As I watched the scene, I kept thinking about something I heard at my college commencement ceremony last month. The speaker Bryan Stevenson, a lawyer and civil rights advocate, gave an incredible speech, which partially focused on the criminal justice system. What stood out the most to me was this line: “I believe that people are more than the worst thing they’ve ever done.”

I would like to believe that, too, but the only way it works is if people accept responsibility for the wrong thing they did. You can’t become a better person in the future if you can’t see yourself for who you are in the present.

Clay should admit what he did. I doubt he will, but he does owe that to Henry. He also owes it to himself if he wants to be more than another Bill Boone. As I wrote in my pilot react, violence is often more cyclical than spontaneous. The only way to break that cycle is to recognize that you’re in it, which the other Boone son, Lucas (Craig Arnold), has started to do.

The Henry Coles Way

While in a prolonged seizure, Henry comes face-to-face with Clay again but in her mind. That version of Clay isn’t willing to admit to what he did either, let alone apologize. He owes it to Henry, and she knows he does. She tries her hardest to get him to apologize until someone helps her realize that she doesn’t need Clay to see that justice is done. She only needs herself.

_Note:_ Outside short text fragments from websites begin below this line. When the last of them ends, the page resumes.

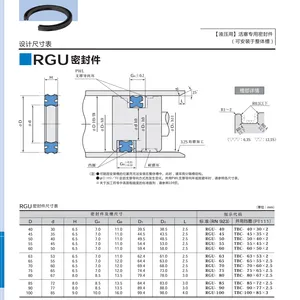 sakagami�ձ�����RGU�ܷ⣬�ձ������ܷ��й��ܴ���
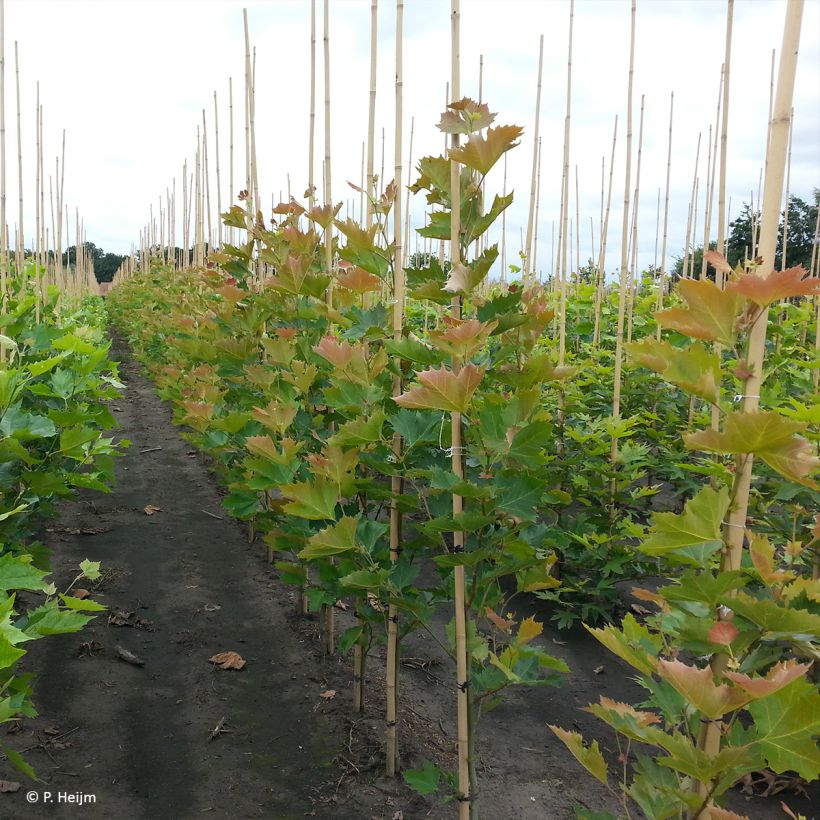 Platanus hispanica Spartan - Gewone plataan (Groeiplaats)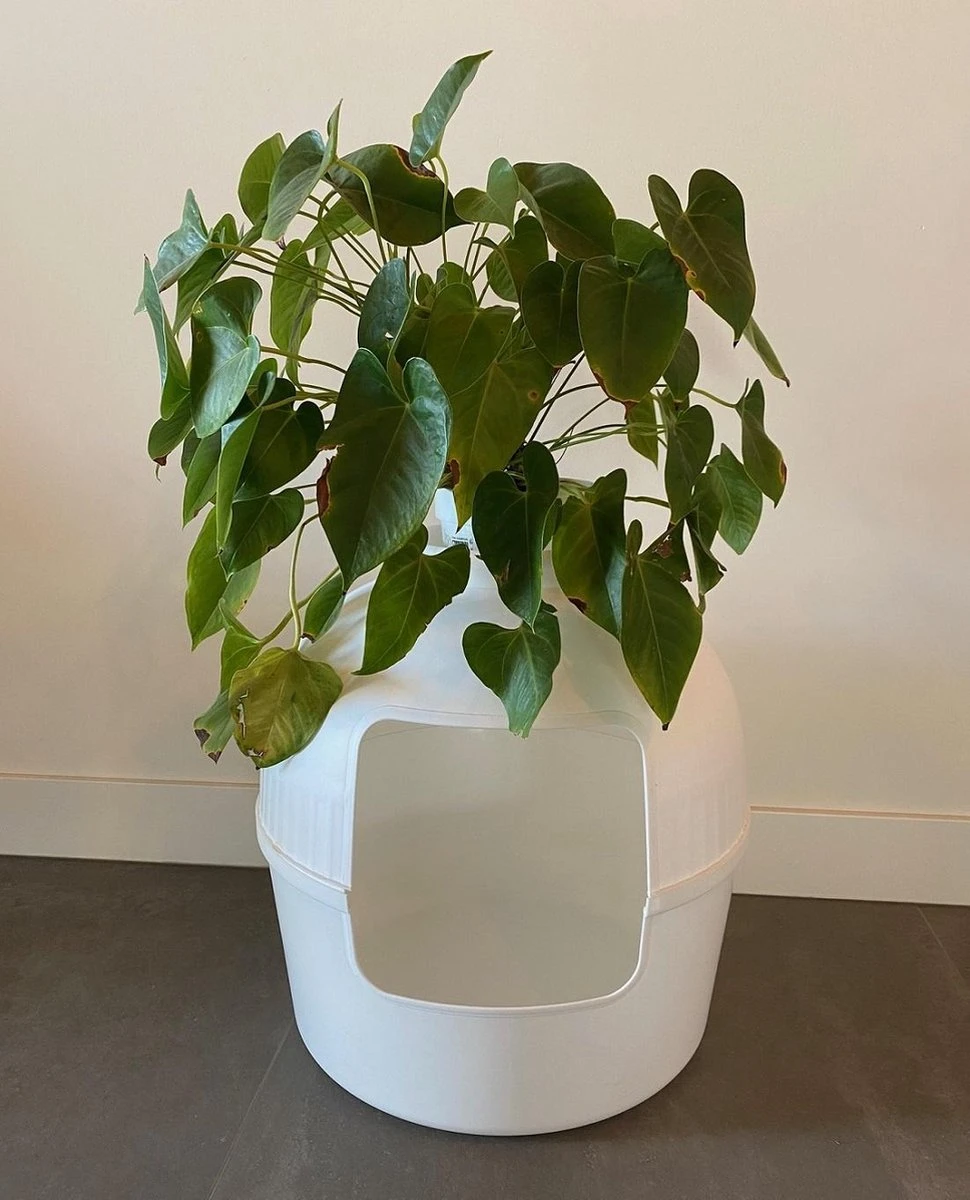 XXL Kattenbak – Verborgen Kattentoilet – Flower XXL Wit Voor Grote Katten Van RHRQuality 7 XXL Kattenbak – Verborgen Kattentoilet – Flower XXL Wit Voor Grote Katten Van RHRQuality - Afbeelding 7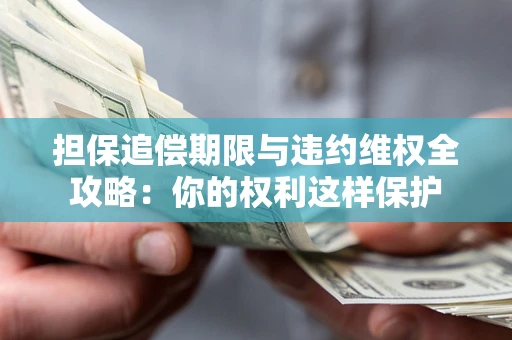 济南担保追偿期限与违约维权全攻略：你的权利这样保护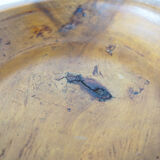 Brutalist solid wood dish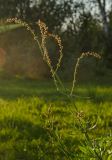 Rumex acetosella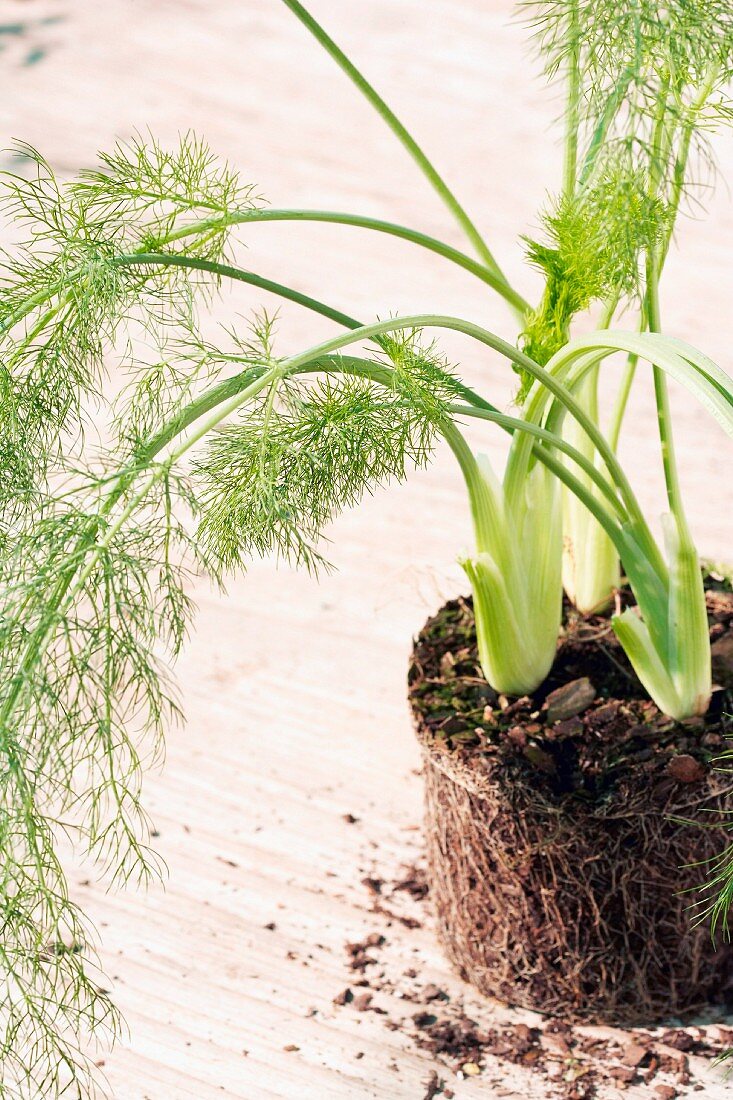 Dill mit Wurzelballen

If you’ve seen The CW’s black ops drama Nikita, Henry’s mental journey in episode eight actually reminds me a lot of the one Alex (Lyndsy Fonseca) goes on while sedated in the season one episode “Echoes.”

The circumstances are different. Alex’s trauma is different from Henry’s, and I don’t mean to conflate the two. However, their arcs in these specific episodes share similarities. Both encounter younger versions of themselves and try desperately to protect the children from a looming threat.

Henry assumes her mission is to save four-year-old Henry (very well portrayed by Carina Battrick) from Clay, who is particularly menacing since he is not constrained by a wheelchair. Alex believes she needs to save her 13-year-old self (Eliana Jones) from the people responsible for her parents’ deaths.

In the end, both Henry and Alex are wrong. The monsters they’re confronting are not their enemies. They are the monsters. They both subconsciously fear who they’re becoming.

Next: Impulse: Four ways the pilot addresses rape culture

Henry has been filled with anger since the pilot. In episode eight, she unleashes it violently for the first time on the Clay in her mind, beating him until he bleeds to get him to apologize for the assault. The more he smugly refuses, the angrier Henry gets until her younger self steps in to give Henry some perspective.

Henry’s rage is 100 percent justified, but Clay isn’t the one being hurt by it. Henry is. She realizes that she needs to learn how to start moving past her anger, not for Clay’s sake but for her own. Violence may be the Boone way, but it is not the Henry Coles way.